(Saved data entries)
※ ※ ※
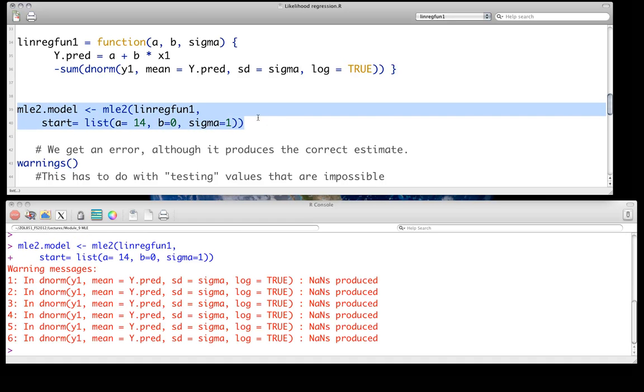In D norm, blah, blah, blah, NAN is produced. The reason we're getting these errors in this particular case, and this is an error you don't need to worry that much about, although when you see it, you should pay attention to it,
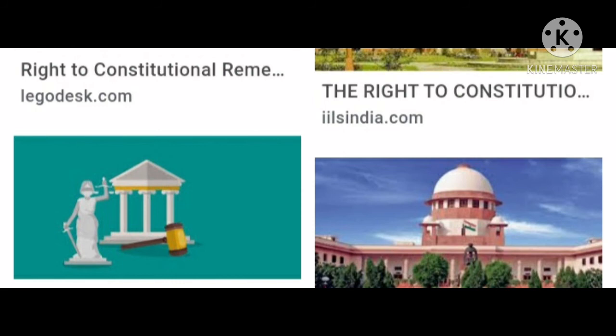These are the five types of writs under which citizens can protect their fundamental rights. Citizens are able to exercise their rights due to the protection from the courts. In this lesson we studied right to freedom of religion, cultural and educational rights, and right to constitutional remedies including habeas corpus, mandamus, prohibition, quo warranto, and certiorari. I will give you an assignment to write in your classwork notebook. Bye bye, take care of yourself and your family, stay home, stay safe.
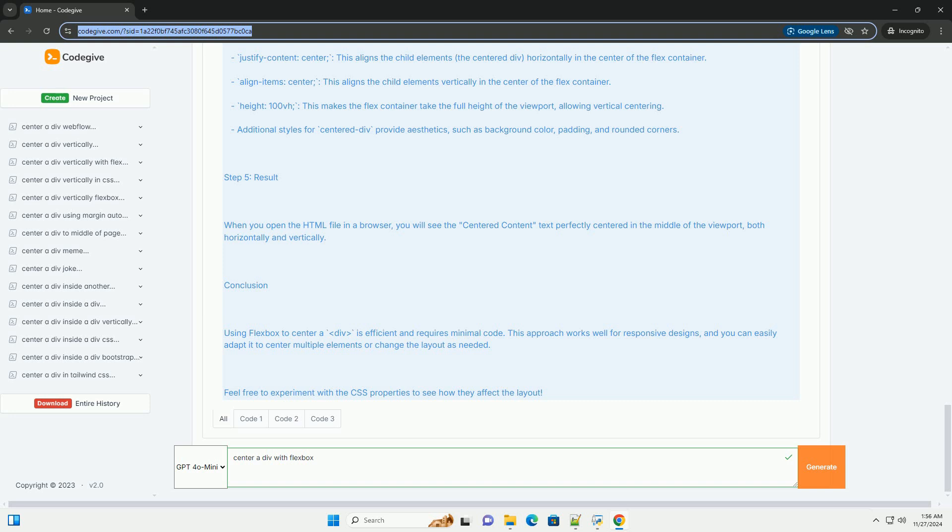Step 4: Explanation of the Code. HTML Structure - A parent DIV with the class flex-container acts as the Flex container. The child DIV with the class centered-div is the content we want to center.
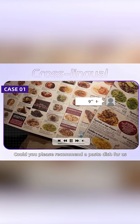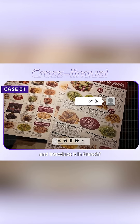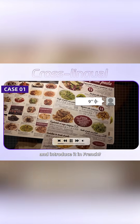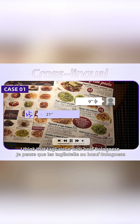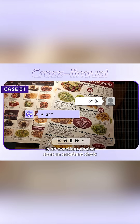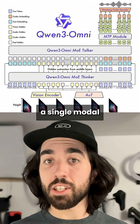Could you please recommend a pasta dish for us and introduce it in French? Bonjour mon ami, je vais te recommander un plat. Je pense que les tagliatelle au bœuf bolognais sont un excellent choix.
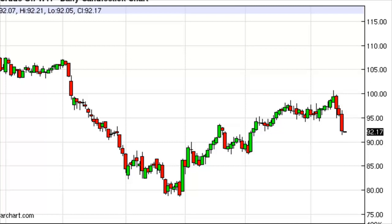Welcome to another video by TheTraderGuy, Chris at TheTraderGuy.com. In this chart of the day video — it's actually going to be two charts. I have in front of you a light sweet crude oil futures chart that shows what happened on September 19th, which is when I'm recording this during the trading day.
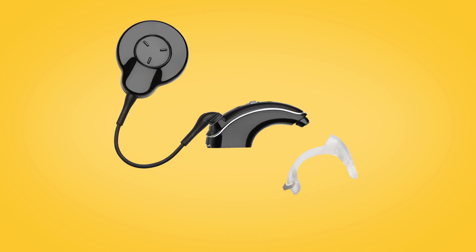Clip the earhook end first, followed by the metal hook at the battery end.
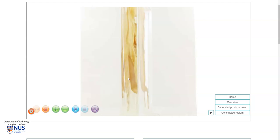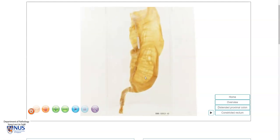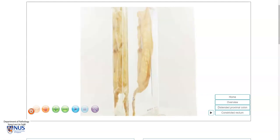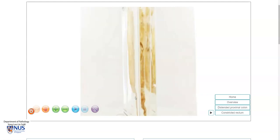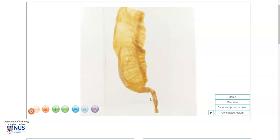Turning this around, we can see how thin the wall is. There is no evidence of perforation. So let's learn a little bit about Hirschsprung disease.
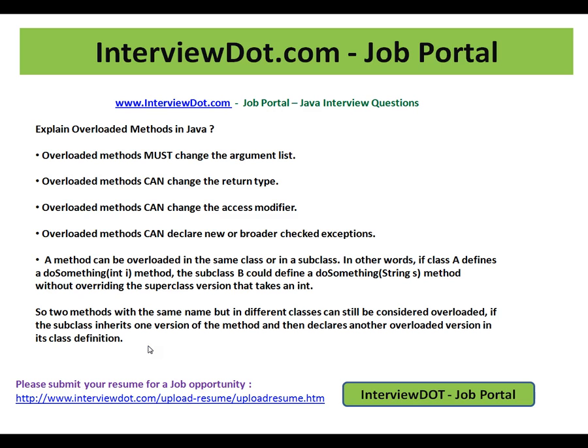This is a very important Java interview question on overloaded methods in Java. Hope this video is useful for your Java interview preparation. Thank you for watching, and all the best for your interview. This video is from interview.com, a job portal.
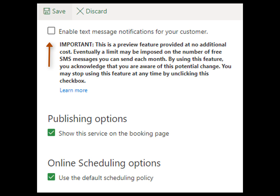Do not enable the text messaging features — these are not integrated with our license and should not be used. Under Publishing Options, check the box to display this service on your page; unchecking it will hide the service from your booking page. Leave the online default schedule policy checked to use the hours as listed in your business information section.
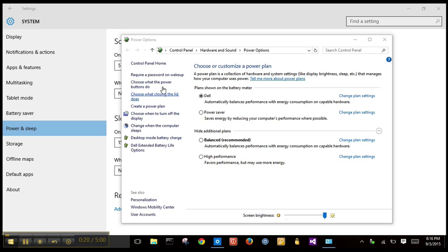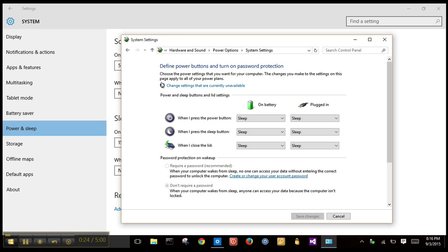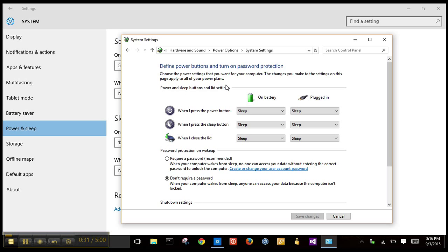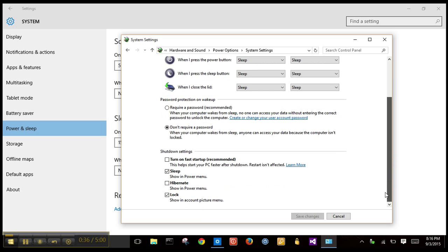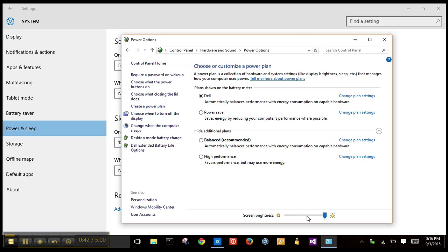Afterward, let's go to 'Choose what the power buttons do' and click 'Change settings that are currently unavailable.' This will enable a list of other settings which are otherwise hidden. From there we can enable 'Turn on fast startup,' save our changes, and that's how it's done.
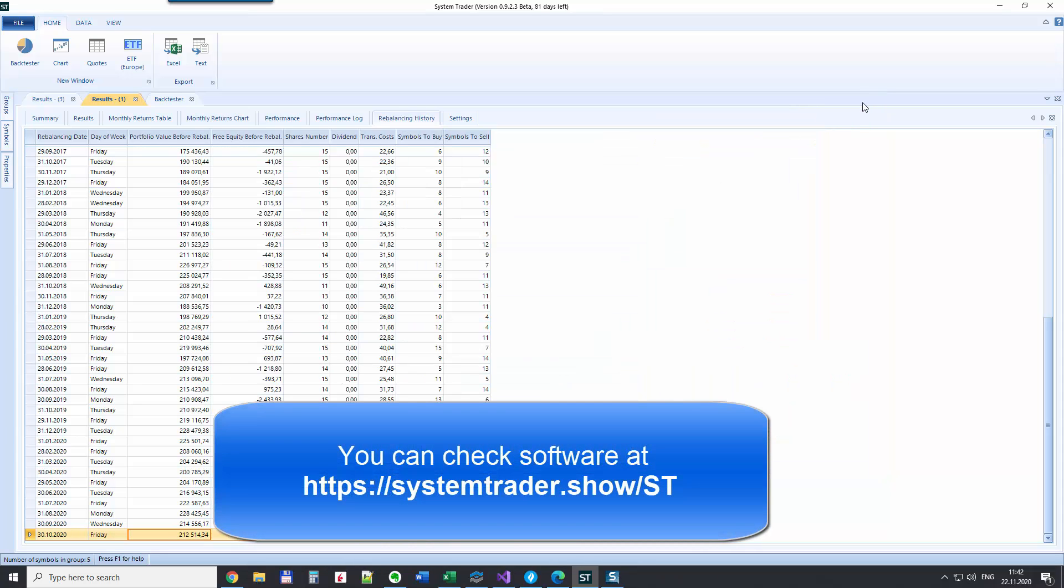So this is all from my side. I encourage you to just give it a try and test your specific scenario or to use it for your specific market. Thank you very much. Bye-bye.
※ ※ ※
Exercise details
The response is to contain exactly the lines from the beginning of the data through the line containing "Do not enable", both ends included, and nothing else; omit the pictures.

Result of the task
In D norm, blah, blah, blah, NAN is produced. The reason we're getting these errors in this particular case, and this is an error you don't need to worry that much about, although when you see it, you should pay attention to it,
These are the five types of writs under which citizens can protect their fundamental rights. Citizens are able to exercise their rights due to the protection from the courts. In this lesson we studied right to freedom of religion, cultural and educational rights, and right to constitutional remedies including habeas corpus, mandamus, prohibition, quo warranto, and certiorari. I will give you an assignment to write in your classwork notebook. Bye bye, take care of yourself and your family, stay home, stay safe.
Step 4: Explanation of the Code. HTML Structure - A parent DIV with the class flex-container acts as the Flex container. The child DIV with the class centered-div is the content we want to center.
Could you please recommend a pasta dish for us and introduce it in French? Bonjour mon ami, je vais te recommander un plat. Je pense que les tagliatelle au bœuf bolognais sont un excellent choix.
Welcome to another video by TheTraderGuy, Chris at TheTraderGuy.com. In this chart of the day video — it's actually going to be two charts. I have in front of you a light sweet crude oil futures chart that shows what happened on September 19th, which is when I'm recording this during the trading day.
Clip the earhook end first, followed by the metal hook at the battery end.
Turning this around, we can see how thin the wall is. There is no evidence of perforation. So let's learn a little bit about Hirschsprung disease.
This is a very important Java interview question on overloaded methods in Java. Hope this video is useful for your Java interview preparation. Thank you for watching, and all the best for your interview. This video is from interview.com, a job portal.
Do not enable the text messaging features — these are not integrated with our license and should not be used. Under Publishing Options, check the box to display this service on your page; unchecking it will hide the service from your booking page. Leave the online default schedule policy checked to use the hours as listed in your business information section.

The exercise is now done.